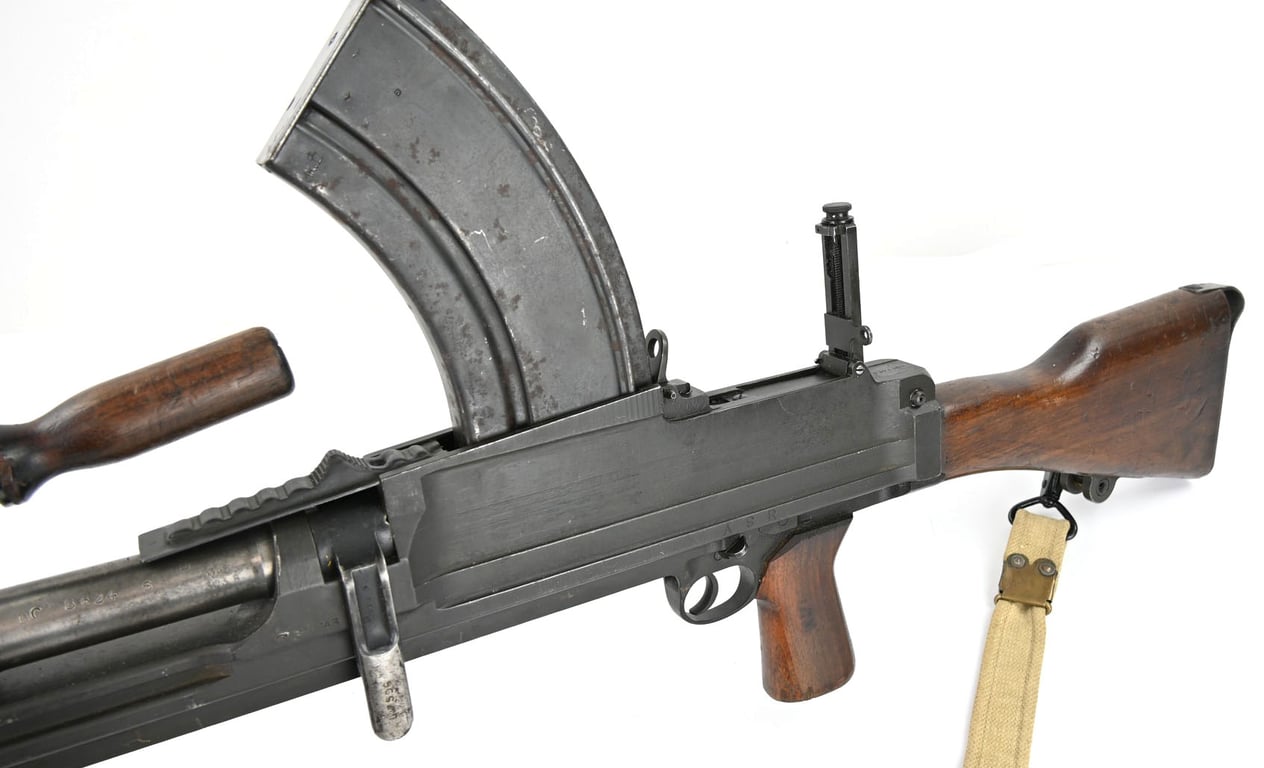 Canadian WW2 Bren MK 2 Machine Gun 1943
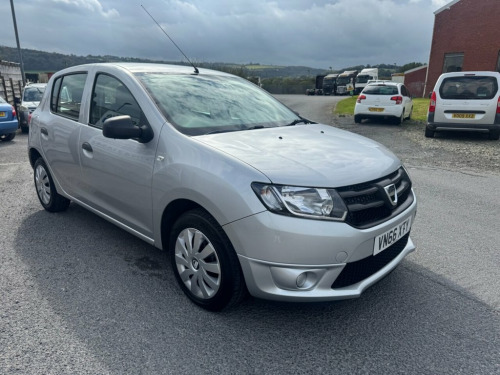 Dacia Sandero  1.5 dCi Ambiance Hatchback 5dr Diesel Manual Euro 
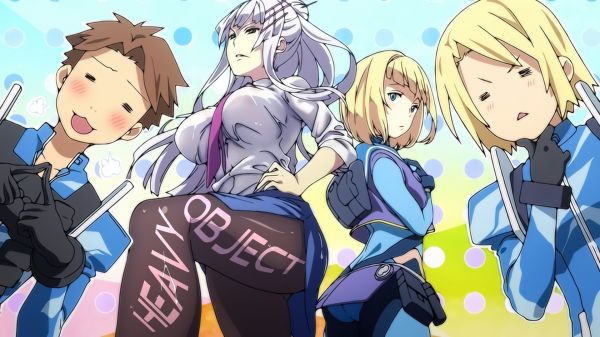 illustration,anime,cartoon,Heavy Object,Milinda Brantini,Capistrano Frolaytia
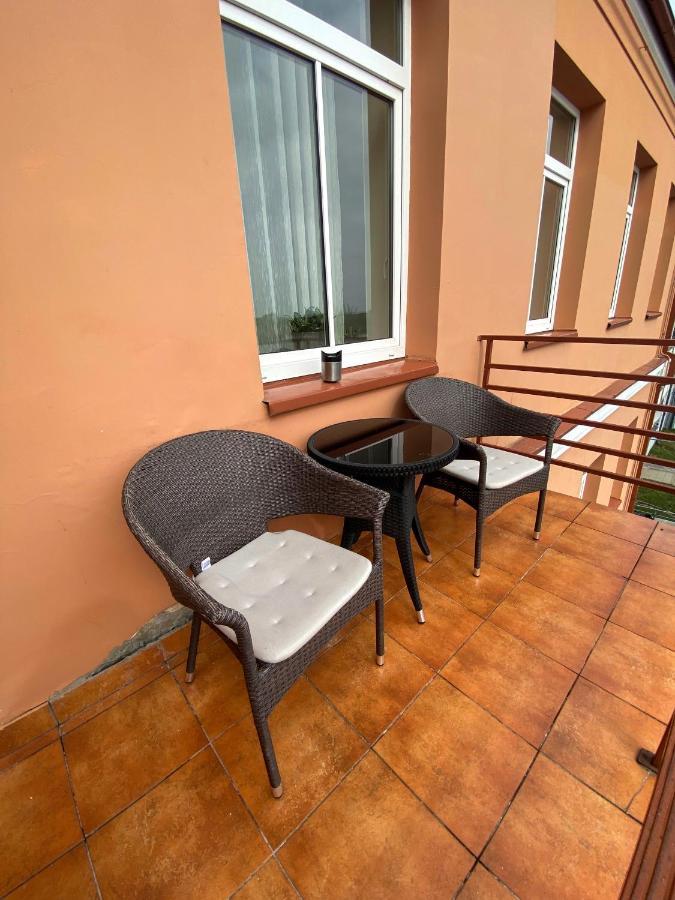 Pas Stefa Hotel Telsiai Bagian luar foto
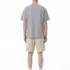C-K1178 Essential Streetwear Panelled 235GSM 100% Cotton T-Shirt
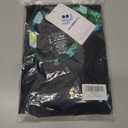 Mens UPF 50+ Compression Rash Guard Long Sleeve UV Sun Protection Surf Skin Shirt Quick Dry Performance Fit (Black, XXL)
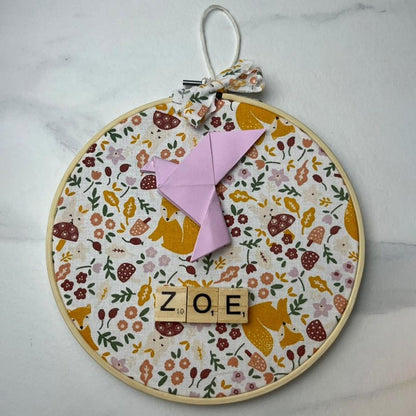 Tambour à personnaliser - Déco murale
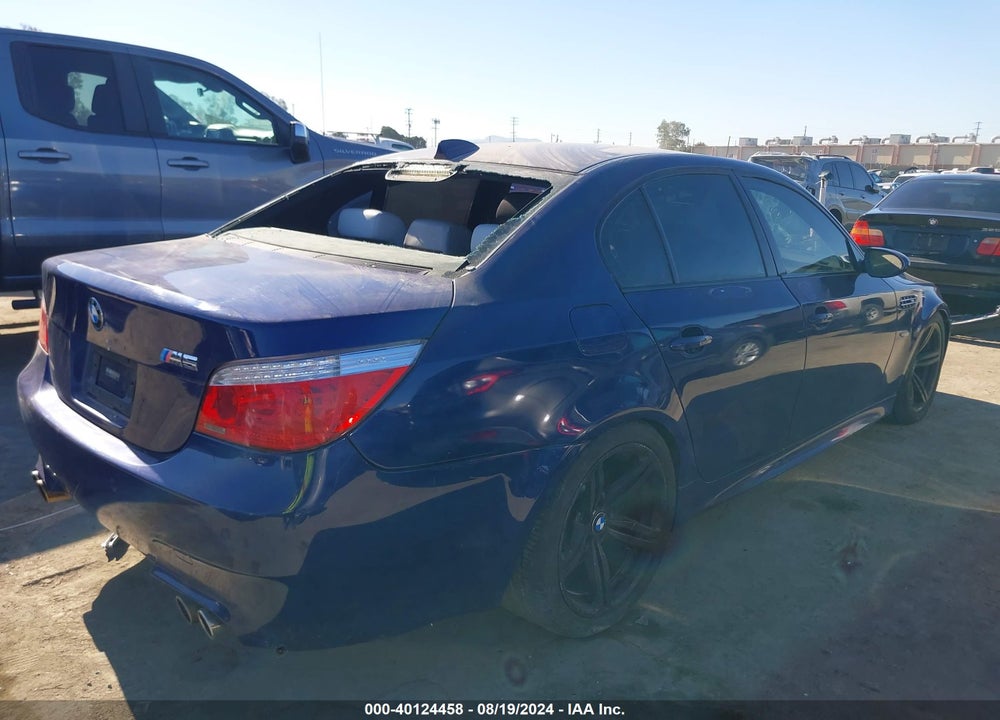 2006 BMW M5 VIN: WBSNB93546B582010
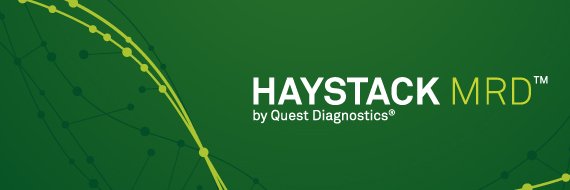 Haystack MRD® by Quest Diagnostics® banner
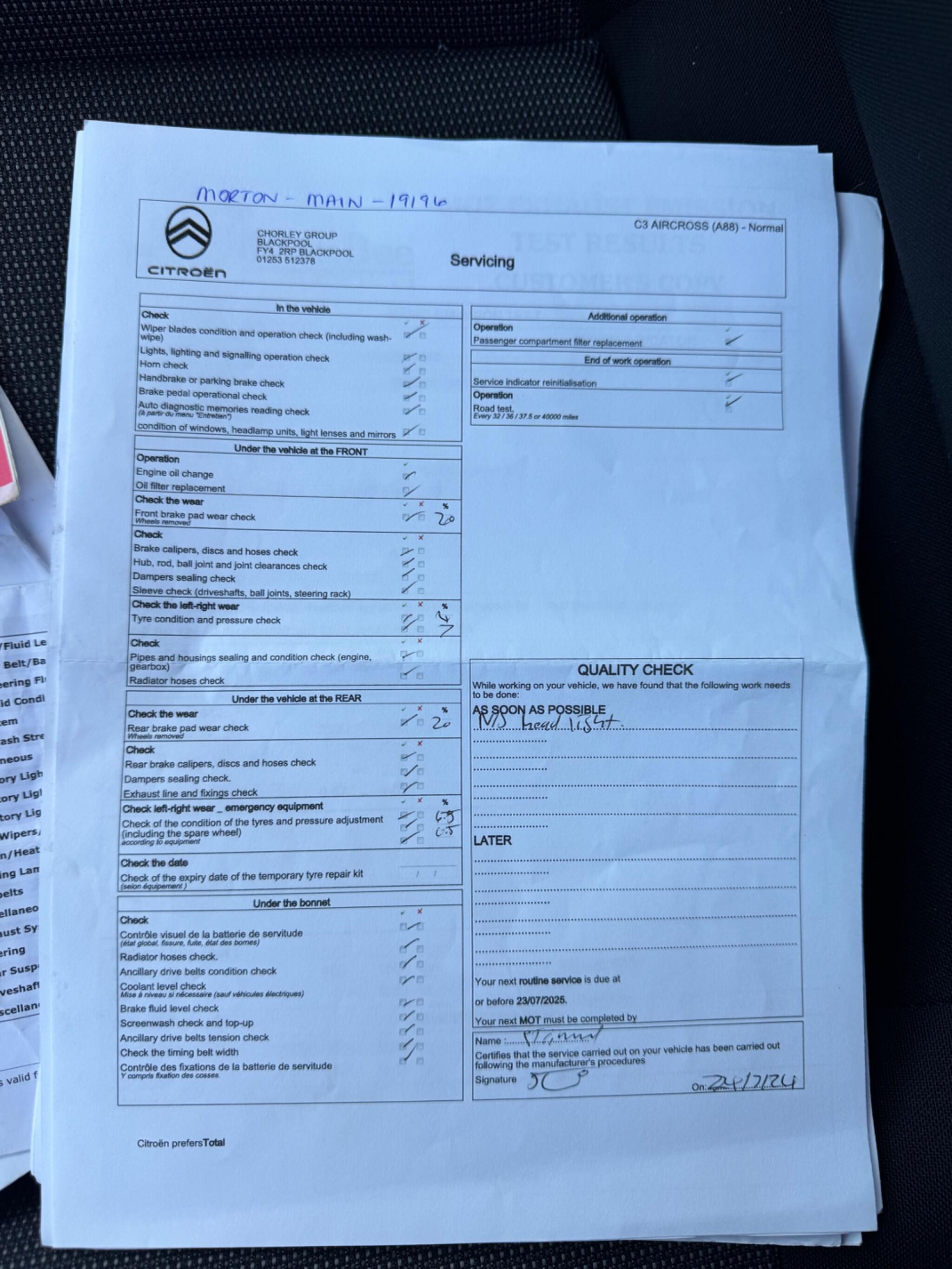 Citroen C3 Aircross - Image 57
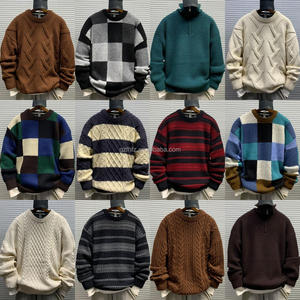 2025 phong cách mới nóng bán áo len thiết kế người đàn ông áo len mùa đông người đàn ông Áo len - Product Image 2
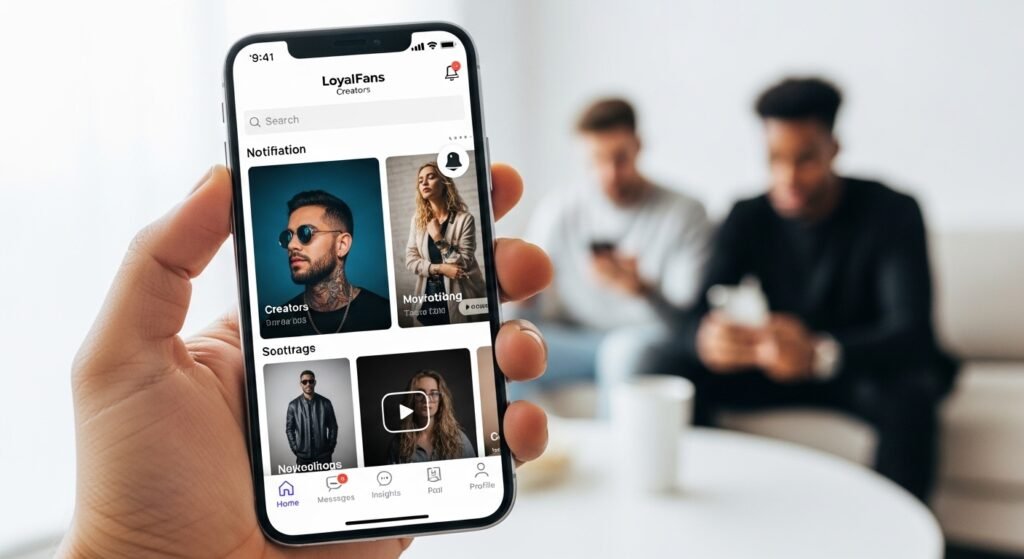 loyal fans app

☆ ☆ ☆ ☆ ☆ ☆ ☆

→ **WHAT THIS TASK INVOLVES**:
Restate word for word the lines beginning with the one that contains "Diesel Manual Euro" and ending with the last line of the listing; pictures stay out.

→ **TASK OUTPUT**:
 Dacia Sandero  1.5 dCi Ambiance Hatchback 5dr Diesel Manual Euro 
 illustration,anime,cartoon,Heavy Object,Milinda Brantini,Capistrano Frolaytia
 Pas Stefa Hotel Telsiai Bagian luar foto
C-K1178 Essential Streetwear Panelled 235GSM 100% Cotton T-Shirt
 Mens UPF 50+ Compression Rash Guard Long Sleeve UV Sun Protection Surf Skin Shirt Quick Dry Performance Fit (Black, XXL)
 Tambour à personnaliser - Déco murale
 2006 BMW M5 VIN: WBSNB93546B582010
 Haystack MRD® by Quest Diagnostics® banner
 Citroen C3 Aircross - Image 57
 2025 phong cách mới nóng bán áo len thiết kế người đàn ông áo len mùa đông người đàn ông Áo len - Product Image 2
 loyal fans app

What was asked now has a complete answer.